- **Task description**: Starting with the line in which "Farfalla Paperweight Clichy Swirl" appears, give back every line exactly as written until the listing ends, excluding pictures.

- **Raw data**:
※
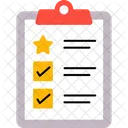 List Document Features Icon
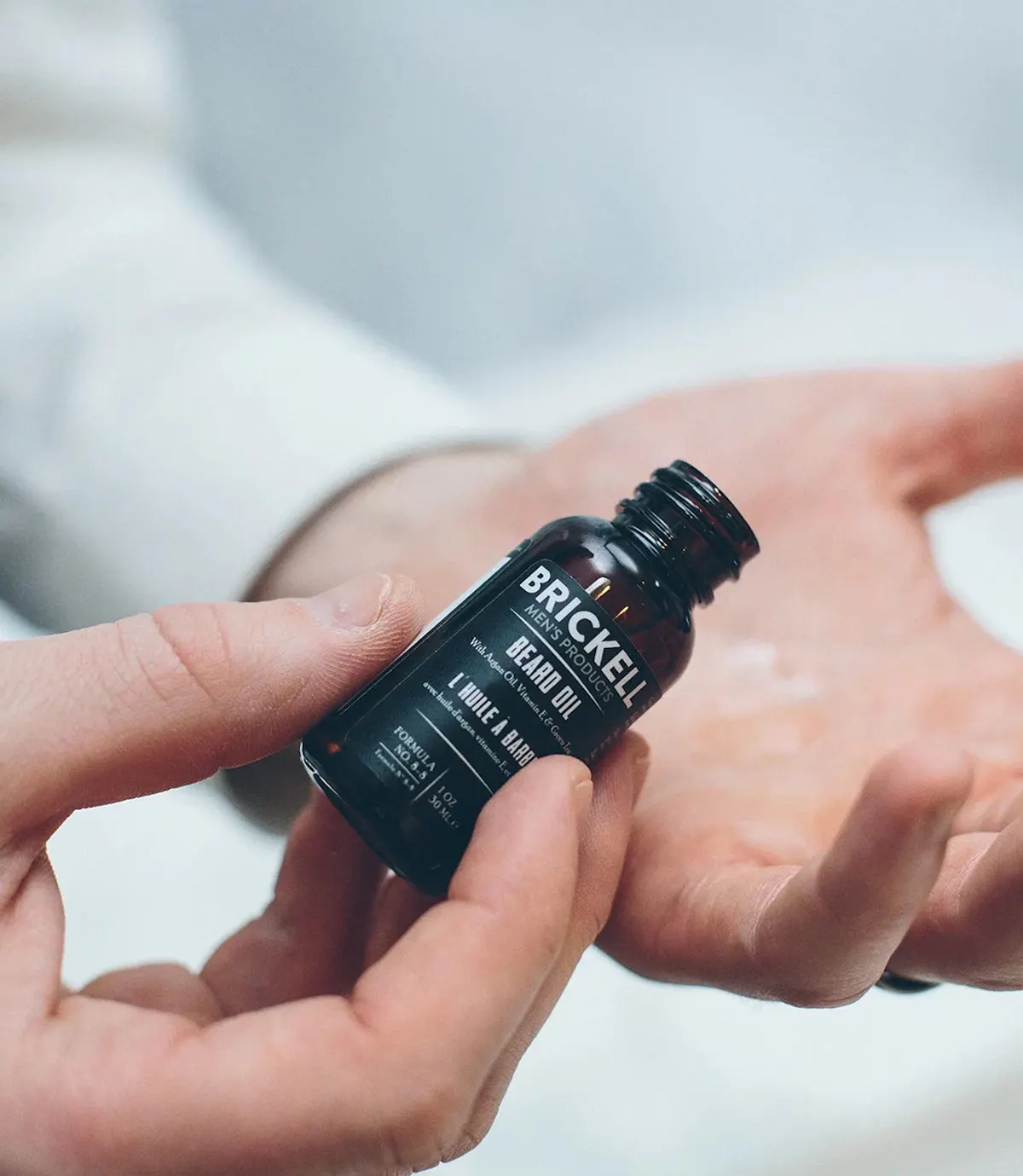 Brickell Beard Oil 30ml, view 2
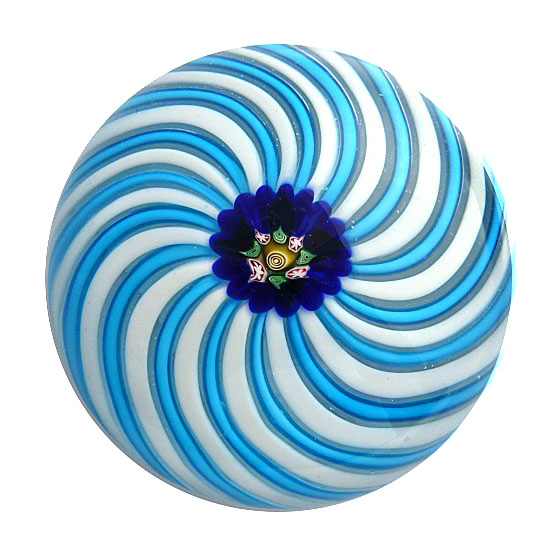 Farfalla Paperweight Clichy Swirl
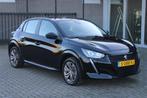 Peugeot e-208 EV Active Pack 50 kWh Led/Navi/AppleAndroid, Gebruikt, Zwart, Origineel Nederlands, 315 min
※
- **Answer to this problem**:
 Farfalla Paperweight Clichy Swirl
 Peugeot e-208 EV Active Pack 50 kWh Led/Navi/AppleAndroid, Gebruikt, Zwart, Origineel Nederlands, 315 min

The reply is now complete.